## Work to complete
Stop after the line containing "The three pacemakers": print each line exactly from the first line of the listing up to that point.

## Input records
━━━
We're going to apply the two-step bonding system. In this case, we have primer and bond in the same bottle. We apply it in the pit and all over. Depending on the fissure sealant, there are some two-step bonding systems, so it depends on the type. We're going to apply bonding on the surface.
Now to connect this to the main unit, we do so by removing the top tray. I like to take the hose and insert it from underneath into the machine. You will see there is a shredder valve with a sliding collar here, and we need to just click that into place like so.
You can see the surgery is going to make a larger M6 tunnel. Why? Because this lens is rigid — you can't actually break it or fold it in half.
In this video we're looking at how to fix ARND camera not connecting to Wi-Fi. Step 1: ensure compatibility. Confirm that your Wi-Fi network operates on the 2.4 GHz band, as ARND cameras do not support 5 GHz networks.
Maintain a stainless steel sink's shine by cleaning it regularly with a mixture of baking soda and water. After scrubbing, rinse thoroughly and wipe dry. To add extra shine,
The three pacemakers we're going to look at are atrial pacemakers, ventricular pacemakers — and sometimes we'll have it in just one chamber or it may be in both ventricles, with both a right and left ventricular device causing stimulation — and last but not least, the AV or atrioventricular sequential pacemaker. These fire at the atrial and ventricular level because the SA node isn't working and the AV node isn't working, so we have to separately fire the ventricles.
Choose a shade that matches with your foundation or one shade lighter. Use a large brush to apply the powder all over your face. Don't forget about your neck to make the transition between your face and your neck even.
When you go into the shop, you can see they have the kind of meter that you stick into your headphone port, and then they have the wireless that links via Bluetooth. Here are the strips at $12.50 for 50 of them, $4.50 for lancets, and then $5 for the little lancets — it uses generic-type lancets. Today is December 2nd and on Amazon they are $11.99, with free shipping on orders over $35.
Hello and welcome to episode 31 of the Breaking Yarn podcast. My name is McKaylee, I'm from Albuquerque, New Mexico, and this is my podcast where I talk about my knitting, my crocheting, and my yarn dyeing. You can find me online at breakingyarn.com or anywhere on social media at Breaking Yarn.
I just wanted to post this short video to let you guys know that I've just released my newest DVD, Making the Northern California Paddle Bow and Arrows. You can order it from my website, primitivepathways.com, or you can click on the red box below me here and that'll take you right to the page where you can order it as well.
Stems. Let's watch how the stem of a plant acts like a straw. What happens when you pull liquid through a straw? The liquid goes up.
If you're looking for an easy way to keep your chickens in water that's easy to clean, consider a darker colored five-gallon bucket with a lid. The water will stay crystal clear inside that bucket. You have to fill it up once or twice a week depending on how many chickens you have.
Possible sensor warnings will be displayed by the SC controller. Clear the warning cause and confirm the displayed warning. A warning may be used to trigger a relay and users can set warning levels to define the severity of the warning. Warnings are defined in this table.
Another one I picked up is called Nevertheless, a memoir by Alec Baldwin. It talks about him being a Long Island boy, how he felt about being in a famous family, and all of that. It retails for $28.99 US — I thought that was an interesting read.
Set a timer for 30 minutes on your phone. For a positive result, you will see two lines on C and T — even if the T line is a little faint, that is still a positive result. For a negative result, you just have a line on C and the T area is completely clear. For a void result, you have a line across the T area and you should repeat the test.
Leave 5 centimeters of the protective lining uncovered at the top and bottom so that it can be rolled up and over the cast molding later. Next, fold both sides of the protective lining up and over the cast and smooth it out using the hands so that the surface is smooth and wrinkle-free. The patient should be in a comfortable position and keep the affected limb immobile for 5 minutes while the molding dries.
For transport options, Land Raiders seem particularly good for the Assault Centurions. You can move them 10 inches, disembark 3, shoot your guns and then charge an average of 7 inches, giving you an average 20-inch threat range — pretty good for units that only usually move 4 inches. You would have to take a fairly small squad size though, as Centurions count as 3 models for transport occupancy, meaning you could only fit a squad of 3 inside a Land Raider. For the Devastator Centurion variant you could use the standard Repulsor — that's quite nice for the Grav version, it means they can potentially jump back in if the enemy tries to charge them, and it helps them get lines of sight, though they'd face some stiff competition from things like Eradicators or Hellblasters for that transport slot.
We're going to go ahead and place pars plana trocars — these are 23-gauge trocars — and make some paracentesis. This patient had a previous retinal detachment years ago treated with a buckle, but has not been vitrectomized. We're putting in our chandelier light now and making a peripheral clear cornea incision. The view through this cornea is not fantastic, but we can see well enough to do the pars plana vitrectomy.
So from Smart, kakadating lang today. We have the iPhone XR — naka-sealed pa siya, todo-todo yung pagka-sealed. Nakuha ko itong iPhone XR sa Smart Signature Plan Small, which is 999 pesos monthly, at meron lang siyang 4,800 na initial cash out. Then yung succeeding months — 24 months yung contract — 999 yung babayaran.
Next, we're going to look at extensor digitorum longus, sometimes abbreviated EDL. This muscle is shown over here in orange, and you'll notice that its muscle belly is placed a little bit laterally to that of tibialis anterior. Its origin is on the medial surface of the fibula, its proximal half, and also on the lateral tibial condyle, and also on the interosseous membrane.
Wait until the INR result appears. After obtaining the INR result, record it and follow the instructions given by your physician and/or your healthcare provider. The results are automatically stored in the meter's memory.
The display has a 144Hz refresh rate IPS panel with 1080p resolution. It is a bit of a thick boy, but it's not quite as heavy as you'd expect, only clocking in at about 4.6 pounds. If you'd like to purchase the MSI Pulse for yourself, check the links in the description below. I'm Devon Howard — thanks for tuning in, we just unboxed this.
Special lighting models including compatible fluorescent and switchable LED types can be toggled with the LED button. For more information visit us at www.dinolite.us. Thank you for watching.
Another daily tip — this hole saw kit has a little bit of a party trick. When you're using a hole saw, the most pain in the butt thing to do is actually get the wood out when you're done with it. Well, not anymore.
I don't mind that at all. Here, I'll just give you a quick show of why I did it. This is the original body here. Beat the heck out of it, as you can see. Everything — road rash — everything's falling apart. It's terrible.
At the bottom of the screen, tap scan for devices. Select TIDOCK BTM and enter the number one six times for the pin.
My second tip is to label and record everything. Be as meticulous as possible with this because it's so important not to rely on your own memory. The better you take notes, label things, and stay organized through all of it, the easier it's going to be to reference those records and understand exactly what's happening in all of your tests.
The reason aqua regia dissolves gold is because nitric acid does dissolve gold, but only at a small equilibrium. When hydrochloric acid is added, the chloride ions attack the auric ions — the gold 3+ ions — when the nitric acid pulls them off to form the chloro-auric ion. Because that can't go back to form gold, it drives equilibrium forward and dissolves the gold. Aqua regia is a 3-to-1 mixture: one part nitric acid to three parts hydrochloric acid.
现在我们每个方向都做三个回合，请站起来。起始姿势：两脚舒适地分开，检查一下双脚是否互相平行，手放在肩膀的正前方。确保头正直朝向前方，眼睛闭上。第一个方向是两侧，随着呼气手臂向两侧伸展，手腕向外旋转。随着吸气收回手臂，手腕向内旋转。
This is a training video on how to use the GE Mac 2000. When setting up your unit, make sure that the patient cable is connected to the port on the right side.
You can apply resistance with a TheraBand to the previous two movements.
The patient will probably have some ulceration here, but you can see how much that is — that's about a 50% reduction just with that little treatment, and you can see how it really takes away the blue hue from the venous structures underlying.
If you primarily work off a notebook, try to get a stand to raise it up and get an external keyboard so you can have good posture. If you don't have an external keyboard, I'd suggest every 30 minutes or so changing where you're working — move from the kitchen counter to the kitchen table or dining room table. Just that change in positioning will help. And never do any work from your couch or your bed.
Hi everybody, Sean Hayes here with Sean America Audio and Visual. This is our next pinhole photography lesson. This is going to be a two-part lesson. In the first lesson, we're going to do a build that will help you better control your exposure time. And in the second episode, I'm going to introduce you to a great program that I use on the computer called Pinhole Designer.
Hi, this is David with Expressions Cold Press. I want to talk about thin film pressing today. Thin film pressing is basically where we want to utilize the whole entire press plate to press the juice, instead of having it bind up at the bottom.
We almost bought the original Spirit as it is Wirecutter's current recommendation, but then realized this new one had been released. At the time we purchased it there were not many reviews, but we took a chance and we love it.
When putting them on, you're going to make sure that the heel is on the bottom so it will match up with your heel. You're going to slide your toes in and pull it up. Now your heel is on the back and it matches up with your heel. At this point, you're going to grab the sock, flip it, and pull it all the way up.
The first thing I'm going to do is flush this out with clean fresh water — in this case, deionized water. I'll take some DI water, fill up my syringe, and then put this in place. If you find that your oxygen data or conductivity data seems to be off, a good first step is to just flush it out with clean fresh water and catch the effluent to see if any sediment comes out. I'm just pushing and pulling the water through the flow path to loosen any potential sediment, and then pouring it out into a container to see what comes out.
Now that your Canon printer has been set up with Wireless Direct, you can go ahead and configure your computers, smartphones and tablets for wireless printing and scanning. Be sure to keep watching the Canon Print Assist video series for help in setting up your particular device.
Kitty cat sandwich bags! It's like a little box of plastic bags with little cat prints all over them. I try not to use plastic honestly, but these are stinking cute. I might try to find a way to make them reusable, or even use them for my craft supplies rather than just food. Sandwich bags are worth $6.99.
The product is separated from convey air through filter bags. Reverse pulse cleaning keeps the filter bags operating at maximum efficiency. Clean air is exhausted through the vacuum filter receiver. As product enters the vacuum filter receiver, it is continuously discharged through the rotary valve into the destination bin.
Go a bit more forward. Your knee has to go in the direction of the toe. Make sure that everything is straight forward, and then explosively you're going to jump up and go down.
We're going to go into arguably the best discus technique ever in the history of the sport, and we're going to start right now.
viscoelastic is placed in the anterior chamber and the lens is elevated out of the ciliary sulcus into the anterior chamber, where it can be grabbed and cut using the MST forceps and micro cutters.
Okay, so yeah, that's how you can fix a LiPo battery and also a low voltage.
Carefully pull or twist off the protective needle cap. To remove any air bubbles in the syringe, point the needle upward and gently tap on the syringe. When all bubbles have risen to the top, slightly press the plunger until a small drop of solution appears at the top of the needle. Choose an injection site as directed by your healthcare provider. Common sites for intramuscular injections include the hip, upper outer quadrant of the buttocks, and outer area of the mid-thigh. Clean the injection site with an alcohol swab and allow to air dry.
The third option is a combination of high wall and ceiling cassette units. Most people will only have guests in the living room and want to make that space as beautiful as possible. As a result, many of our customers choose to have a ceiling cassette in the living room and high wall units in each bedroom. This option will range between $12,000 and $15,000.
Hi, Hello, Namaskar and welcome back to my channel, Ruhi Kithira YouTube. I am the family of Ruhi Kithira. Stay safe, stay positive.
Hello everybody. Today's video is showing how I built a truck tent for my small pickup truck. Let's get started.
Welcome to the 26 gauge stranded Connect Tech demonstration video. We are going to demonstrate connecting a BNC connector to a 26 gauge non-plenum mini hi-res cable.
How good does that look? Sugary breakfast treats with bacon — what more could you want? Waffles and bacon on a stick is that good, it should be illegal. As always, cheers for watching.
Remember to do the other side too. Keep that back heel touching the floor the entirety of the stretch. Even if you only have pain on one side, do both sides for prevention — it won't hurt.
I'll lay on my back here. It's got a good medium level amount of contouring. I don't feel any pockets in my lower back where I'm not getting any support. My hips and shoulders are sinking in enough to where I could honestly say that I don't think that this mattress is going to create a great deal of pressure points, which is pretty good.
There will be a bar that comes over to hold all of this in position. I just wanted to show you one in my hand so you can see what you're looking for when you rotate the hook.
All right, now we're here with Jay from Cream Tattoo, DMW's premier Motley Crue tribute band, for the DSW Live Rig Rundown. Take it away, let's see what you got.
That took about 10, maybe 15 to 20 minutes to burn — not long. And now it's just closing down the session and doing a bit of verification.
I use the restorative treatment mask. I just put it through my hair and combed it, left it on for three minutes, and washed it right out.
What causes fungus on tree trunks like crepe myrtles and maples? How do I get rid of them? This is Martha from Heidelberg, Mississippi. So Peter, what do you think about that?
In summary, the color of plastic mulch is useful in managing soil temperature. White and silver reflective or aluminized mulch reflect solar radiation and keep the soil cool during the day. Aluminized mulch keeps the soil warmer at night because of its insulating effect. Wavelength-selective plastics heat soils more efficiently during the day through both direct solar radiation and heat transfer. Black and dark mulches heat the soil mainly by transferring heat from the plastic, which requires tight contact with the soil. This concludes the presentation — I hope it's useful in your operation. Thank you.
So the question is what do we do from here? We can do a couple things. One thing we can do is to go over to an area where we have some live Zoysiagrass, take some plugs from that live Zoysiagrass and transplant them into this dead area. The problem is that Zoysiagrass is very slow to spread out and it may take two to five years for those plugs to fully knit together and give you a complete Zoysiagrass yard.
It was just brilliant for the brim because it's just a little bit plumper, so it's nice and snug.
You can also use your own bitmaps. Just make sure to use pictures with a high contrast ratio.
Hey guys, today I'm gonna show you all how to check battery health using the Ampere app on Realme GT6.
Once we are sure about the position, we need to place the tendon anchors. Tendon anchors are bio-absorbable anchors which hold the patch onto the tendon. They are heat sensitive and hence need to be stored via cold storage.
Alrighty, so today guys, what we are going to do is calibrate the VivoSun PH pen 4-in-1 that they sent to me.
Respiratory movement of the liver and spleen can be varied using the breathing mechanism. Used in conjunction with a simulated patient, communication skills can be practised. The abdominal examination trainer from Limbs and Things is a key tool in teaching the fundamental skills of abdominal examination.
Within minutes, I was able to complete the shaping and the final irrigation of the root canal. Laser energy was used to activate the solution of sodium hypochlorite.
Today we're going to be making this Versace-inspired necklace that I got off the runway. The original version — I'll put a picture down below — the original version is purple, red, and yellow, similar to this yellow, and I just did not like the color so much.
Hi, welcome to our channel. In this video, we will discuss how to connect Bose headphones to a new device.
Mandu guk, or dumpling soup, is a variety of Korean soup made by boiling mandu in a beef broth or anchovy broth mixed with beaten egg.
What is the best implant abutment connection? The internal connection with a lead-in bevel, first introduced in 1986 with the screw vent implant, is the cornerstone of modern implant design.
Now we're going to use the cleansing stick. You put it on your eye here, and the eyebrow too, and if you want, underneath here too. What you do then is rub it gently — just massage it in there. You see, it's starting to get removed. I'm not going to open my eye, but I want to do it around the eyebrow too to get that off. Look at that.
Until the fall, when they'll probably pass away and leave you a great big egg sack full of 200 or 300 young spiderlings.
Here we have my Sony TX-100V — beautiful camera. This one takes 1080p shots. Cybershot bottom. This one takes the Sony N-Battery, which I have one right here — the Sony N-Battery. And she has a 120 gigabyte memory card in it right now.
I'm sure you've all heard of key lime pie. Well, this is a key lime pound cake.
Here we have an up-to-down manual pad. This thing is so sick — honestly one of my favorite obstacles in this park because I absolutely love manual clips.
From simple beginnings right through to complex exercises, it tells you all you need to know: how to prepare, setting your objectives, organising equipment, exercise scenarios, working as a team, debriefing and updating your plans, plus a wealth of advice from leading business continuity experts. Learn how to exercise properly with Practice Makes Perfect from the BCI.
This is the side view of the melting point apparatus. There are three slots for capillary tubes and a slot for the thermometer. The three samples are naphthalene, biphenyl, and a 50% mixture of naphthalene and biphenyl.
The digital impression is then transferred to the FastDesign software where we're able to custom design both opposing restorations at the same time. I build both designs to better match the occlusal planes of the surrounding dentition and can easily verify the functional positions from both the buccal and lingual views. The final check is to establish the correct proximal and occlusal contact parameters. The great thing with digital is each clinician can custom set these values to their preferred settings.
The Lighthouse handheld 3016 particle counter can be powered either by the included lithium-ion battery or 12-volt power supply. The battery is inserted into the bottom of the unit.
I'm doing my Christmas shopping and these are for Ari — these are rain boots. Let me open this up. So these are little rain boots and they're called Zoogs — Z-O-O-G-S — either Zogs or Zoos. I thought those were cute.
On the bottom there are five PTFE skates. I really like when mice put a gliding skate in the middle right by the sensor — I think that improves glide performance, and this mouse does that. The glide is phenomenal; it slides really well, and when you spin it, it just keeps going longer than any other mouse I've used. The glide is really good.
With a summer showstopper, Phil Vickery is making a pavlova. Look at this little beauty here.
━━━
## Expected answer
We're going to apply the two-step bonding system. In this case, we have primer and bond in the same bottle. We apply it in the pit and all over. Depending on the fissure sealant, there are some two-step bonding systems, so it depends on the type. We're going to apply bonding on the surface.
Now to connect this to the main unit, we do so by removing the top tray. I like to take the hose and insert it from underneath into the machine. You will see there is a shredder valve with a sliding collar here, and we need to just click that into place like so.
You can see the surgery is going to make a larger M6 tunnel. Why? Because this lens is rigid — you can't actually break it or fold it in half.
In this video we're looking at how to fix ARND camera not connecting to Wi-Fi. Step 1: ensure compatibility. Confirm that your Wi-Fi network operates on the 2.4 GHz band, as ARND cameras do not support 5 GHz networks.
Maintain a stainless steel sink's shine by cleaning it regularly with a mixture of baking soda and water. After scrubbing, rinse thoroughly and wipe dry. To add extra shine,
The three pacemakers we're going to look at are atrial pacemakers, ventricular pacemakers — and sometimes we'll have it in just one chamber or it may be in both ventricles, with both a right and left ventricular device causing stimulation — and last but not least, the AV or atrioventricular sequential pacemaker. These fire at the atrial and ventricular level because the SA node isn't working and the AV node isn't working, so we have to separately fire the ventricles.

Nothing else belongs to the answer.